DIRECTIONS -> The whole listing, pictures aside, should be reproduced exactly.

++++ PROVIDED DATA ++++

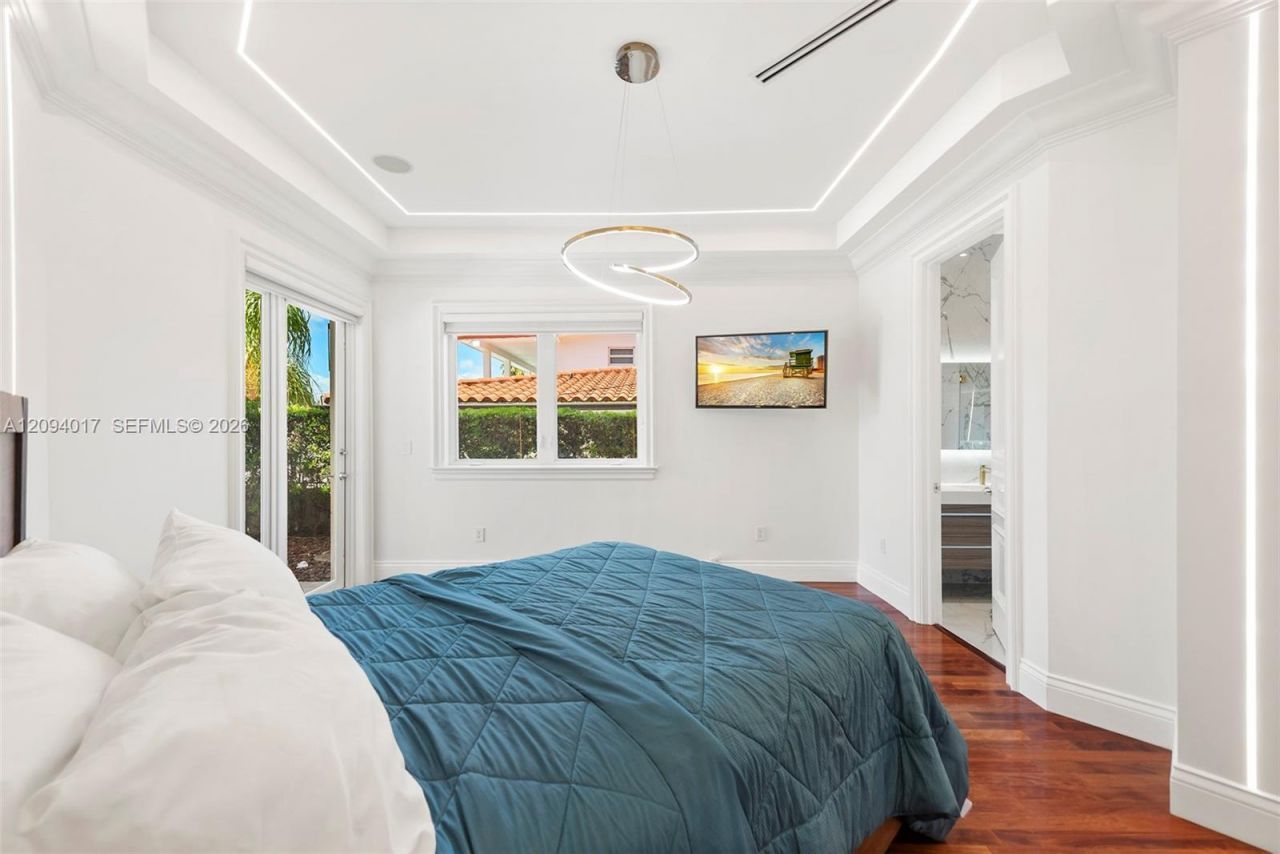 3442 NE 171st St , North Miami Beach, FL 33160 Photo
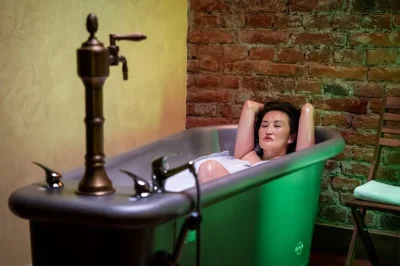 Relájate en praga con un baño privado de vino, prosecco y acceso exclusivo a la cueva de sal más grande de la ciudad. reserva ya una escapada wellness única con todo incluido.
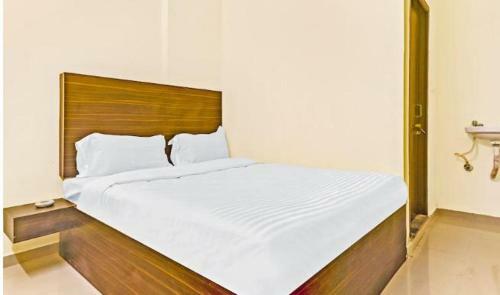 Shiridhi Grand Hotel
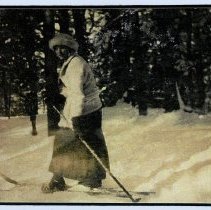 03.04 Augustine skiing, 1915
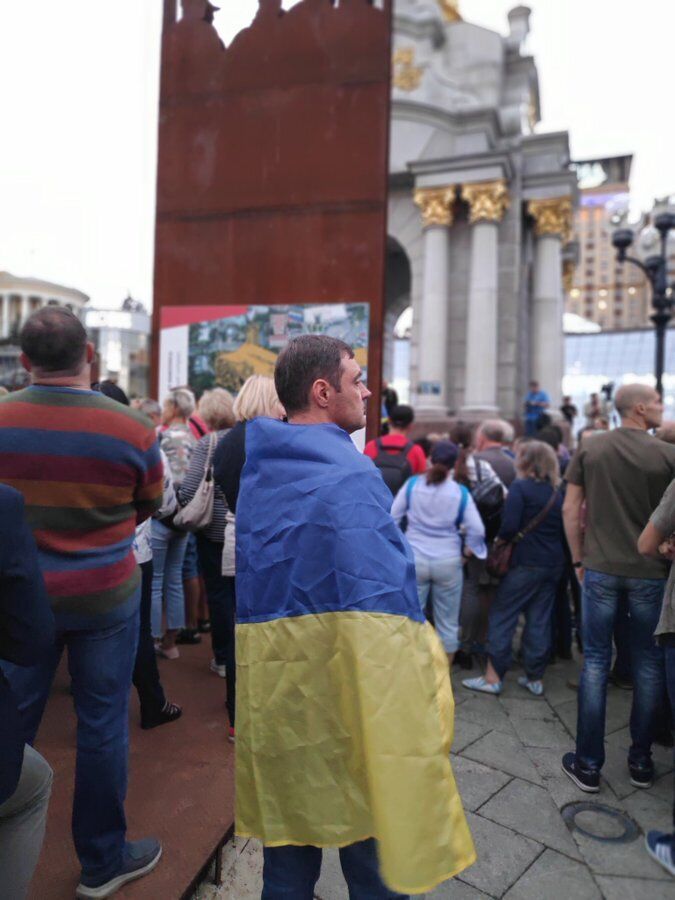На Майдане провели акцию "Красная линия"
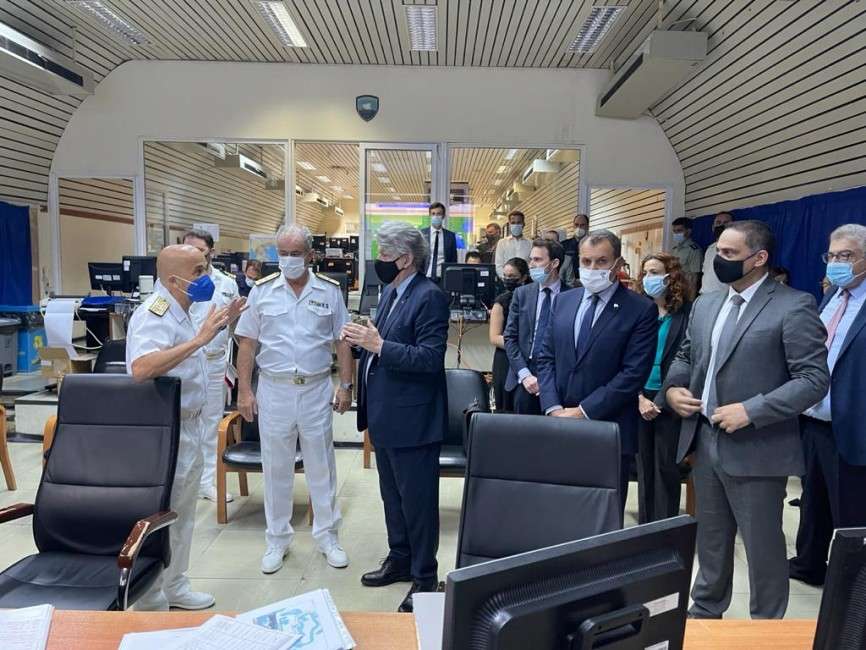 Κοινή επίσκεψη ΥΕΘΑ και Επιτρόπου Εσωτερικής Αγοράς στο Στρατηγείο Διοικήσεως Ανατολικής Μεσογείου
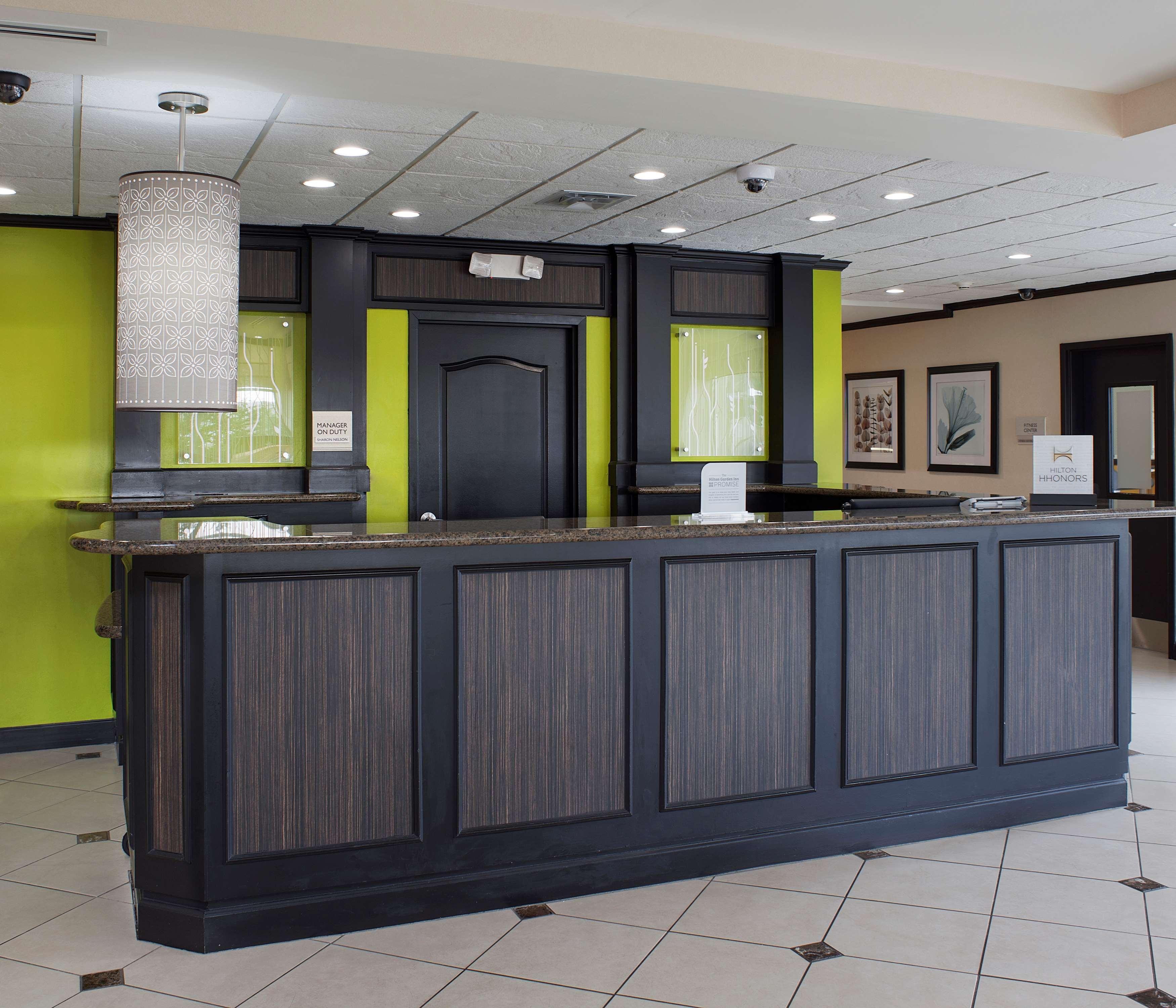 Hilton Garden Inn Джонсборо Экстерьер фото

++++

SOLUTION ->
 3442 NE 171st St , North Miami Beach, FL 33160 Photo
 Relájate en praga con un baño privado de vino, prosecco y acceso exclusivo a la cueva de sal más grande de la ciudad. reserva ya una escapada wellness única con todo incluido.
 Shiridhi Grand Hotel
 03.04 Augustine skiing, 1915
На Майдане провели акцию "Красная линия"
 Κοινή επίσκεψη ΥΕΘΑ και Επιτρόπου Εσωτερικής Αγοράς στο Στρατηγείο Διοικήσεως Ανατολικής Μεσογείου
 Hilton Garden Inn Джонсборо Экстерьер фото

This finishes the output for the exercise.